In deze zaak heeft de Rechtbank Rotterdam op 11 juni 2021 uitspraak gedaan in het kader van de schuldsaneringsregeling van de schuldenares, [naam 1]. De rechtbank heeft eerder op 2 november 2016 de toepassing van de schuldsaneringsregeling uitgesproken. De termijn van deze regeling is meerdere keren verlengd, met de laatste verlenging tot 2 mei 2021. De bewindvoerder, K.F. Petridis, heeft in verschillende rapportages aan de rechtbank gerapporteerd over de voortgang van de schuldsaneringsregeling. Tijdens de zitting op 28 mei 2021 is de beëindiging van de regeling behandeld, waarbij zowel de schuldenares als de waarnemend bewindvoerder, dhr. [naam 2], zijn gehoord.
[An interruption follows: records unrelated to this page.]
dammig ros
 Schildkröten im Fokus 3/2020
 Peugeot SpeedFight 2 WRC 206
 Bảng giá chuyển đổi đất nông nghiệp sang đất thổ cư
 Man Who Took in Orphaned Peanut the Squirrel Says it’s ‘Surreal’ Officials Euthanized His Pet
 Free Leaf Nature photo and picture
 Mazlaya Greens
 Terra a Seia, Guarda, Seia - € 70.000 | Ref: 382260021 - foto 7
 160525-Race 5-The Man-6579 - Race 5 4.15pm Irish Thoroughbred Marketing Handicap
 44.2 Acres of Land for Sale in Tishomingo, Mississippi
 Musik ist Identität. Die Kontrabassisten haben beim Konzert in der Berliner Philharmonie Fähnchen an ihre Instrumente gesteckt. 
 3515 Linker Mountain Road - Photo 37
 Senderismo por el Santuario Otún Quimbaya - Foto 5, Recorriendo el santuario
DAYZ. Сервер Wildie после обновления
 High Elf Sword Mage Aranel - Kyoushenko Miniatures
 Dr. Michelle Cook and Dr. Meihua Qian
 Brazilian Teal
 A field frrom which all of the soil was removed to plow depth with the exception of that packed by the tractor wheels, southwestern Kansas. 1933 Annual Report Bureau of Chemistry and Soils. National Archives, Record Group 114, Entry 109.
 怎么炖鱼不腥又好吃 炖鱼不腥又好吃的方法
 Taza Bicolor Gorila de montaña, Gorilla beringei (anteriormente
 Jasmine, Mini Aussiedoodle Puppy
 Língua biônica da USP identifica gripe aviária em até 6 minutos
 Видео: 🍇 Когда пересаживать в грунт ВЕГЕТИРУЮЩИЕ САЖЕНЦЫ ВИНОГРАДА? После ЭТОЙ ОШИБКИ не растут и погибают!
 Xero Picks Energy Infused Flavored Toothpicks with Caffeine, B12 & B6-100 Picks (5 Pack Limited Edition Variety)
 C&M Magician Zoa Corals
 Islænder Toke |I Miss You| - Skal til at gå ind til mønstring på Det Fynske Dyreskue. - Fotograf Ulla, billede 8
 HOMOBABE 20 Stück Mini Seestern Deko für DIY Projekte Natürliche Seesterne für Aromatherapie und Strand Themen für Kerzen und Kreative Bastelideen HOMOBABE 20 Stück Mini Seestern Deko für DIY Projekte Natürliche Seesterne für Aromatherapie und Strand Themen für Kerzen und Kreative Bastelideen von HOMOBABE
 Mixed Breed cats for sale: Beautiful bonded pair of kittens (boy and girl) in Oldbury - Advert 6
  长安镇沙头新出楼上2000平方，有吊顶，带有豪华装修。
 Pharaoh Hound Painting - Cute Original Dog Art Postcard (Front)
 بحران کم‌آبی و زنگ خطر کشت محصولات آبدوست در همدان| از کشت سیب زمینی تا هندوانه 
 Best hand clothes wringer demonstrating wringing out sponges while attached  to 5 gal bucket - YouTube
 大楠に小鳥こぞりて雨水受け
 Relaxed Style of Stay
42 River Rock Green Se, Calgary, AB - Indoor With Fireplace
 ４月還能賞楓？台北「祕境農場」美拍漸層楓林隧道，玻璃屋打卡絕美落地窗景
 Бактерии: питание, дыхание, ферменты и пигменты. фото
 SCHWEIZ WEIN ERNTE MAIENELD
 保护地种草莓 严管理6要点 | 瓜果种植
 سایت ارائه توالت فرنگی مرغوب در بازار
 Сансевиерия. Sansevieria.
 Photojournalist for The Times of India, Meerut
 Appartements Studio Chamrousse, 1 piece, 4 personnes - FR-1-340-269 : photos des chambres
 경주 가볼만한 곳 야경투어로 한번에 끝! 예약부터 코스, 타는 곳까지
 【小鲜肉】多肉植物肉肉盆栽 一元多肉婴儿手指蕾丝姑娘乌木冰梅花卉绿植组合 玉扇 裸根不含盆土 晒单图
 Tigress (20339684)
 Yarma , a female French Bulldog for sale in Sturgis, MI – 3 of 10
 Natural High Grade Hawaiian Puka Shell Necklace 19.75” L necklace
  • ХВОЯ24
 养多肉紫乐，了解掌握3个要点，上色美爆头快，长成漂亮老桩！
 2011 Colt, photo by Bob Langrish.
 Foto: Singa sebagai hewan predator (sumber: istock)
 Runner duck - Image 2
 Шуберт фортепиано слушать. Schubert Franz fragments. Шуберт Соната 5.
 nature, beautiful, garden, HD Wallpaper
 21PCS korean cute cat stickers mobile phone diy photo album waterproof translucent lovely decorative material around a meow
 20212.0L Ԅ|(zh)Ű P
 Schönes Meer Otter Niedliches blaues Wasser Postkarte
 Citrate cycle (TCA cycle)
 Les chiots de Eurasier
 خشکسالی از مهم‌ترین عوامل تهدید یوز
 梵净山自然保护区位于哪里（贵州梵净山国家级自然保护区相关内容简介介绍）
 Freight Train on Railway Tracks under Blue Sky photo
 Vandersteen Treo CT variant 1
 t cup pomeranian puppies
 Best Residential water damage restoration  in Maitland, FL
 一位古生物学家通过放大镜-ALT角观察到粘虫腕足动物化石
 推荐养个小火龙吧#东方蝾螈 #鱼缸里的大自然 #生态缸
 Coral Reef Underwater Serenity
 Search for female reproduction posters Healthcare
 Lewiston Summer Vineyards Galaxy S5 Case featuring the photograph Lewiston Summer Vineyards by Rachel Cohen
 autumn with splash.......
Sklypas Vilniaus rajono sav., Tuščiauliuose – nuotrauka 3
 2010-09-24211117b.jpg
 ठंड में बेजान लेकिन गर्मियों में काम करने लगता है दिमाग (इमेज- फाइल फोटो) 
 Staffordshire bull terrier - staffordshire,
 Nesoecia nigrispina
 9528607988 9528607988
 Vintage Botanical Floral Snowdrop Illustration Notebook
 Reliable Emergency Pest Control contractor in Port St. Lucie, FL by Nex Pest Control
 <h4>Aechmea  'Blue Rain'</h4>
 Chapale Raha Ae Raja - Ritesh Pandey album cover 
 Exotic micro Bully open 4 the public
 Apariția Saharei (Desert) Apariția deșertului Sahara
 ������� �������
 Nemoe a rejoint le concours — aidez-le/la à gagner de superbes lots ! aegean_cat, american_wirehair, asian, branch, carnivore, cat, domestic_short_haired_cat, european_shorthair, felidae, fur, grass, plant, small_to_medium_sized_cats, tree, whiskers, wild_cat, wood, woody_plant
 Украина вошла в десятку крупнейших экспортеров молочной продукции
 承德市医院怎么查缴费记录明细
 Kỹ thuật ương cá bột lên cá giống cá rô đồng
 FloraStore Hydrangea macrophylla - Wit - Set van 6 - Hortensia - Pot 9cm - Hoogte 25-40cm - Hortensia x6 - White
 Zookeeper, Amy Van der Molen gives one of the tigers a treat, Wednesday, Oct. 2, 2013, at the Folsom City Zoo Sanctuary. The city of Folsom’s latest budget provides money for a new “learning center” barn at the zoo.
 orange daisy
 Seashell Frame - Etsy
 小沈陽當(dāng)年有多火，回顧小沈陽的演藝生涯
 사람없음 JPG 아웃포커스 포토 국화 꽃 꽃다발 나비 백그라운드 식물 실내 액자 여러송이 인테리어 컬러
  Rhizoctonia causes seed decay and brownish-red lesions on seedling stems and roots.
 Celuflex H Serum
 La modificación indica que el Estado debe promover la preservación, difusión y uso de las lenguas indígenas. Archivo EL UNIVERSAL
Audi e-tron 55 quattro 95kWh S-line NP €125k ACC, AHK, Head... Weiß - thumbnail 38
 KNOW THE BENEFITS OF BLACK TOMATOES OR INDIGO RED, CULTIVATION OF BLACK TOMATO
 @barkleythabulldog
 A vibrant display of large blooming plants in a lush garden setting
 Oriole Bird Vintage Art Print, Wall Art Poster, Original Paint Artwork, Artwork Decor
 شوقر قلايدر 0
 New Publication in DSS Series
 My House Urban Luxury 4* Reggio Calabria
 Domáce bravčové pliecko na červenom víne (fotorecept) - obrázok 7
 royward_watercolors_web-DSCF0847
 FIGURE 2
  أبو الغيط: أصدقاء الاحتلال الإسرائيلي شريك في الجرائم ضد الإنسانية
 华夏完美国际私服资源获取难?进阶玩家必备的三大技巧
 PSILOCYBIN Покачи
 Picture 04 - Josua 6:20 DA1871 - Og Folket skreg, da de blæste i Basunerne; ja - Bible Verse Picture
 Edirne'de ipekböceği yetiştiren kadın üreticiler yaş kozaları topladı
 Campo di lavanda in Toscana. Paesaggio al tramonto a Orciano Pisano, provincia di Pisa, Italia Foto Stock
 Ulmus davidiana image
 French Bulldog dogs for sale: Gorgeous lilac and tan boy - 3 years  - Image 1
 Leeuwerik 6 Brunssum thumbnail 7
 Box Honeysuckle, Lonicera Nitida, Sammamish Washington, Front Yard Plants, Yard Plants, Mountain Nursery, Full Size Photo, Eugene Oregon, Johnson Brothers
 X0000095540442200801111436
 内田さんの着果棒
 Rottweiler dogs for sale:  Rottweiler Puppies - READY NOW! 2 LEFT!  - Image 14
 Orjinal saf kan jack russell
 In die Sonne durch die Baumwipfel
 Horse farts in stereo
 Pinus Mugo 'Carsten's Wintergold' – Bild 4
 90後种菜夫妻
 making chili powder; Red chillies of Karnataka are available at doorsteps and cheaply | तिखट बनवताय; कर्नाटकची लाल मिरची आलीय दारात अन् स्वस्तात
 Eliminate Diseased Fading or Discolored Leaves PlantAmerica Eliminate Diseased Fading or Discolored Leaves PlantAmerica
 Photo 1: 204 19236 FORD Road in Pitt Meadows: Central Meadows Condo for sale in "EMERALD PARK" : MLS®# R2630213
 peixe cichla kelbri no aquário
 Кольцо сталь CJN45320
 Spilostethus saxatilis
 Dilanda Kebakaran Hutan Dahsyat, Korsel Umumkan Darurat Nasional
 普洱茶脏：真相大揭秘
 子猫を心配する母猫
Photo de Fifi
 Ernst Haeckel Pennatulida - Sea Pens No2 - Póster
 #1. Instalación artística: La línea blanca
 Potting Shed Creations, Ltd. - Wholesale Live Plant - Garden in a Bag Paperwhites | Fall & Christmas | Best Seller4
De bewindvoerder heeft verklaard dat de schuldenares aan al haar verplichtingen heeft voldaan en heeft de rechtbank geadviseerd om haar een schone lei te verlenen. Hoewel de bewindvoerder de schuldenares bij de Belastingdienst had aangemeld als mogelijk gedupeerde van de toeslagenaffaire, heeft de Belastingdienst bevestigd dat dit niet het geval is. De rechtbank heeft vastgesteld dat de schuldenares niet tekort is geschoten in de nakoming van haar verplichtingen uit de schuldsaneringsregeling en heeft geoordeeld dat er geen redenen zijn om tot een ander oordeel te komen.
De rechtbank heeft besloten om de schuldenares de schone lei te verlenen, wat betekent dat de vorderingen die voortvloeien uit de schuldsaneringsregeling, voor zover deze onvoldaan zijn gebleven, niet langer afdwingbaar zijn. Tevens is het salaris van de bewindvoerder vastgesteld op maximaal € 4.272,98. De uitspraak is openbaar uitgesproken door mr. W.J. Roos-van Toor, rechter, in aanwezigheid van A. Vervoorn, griffier.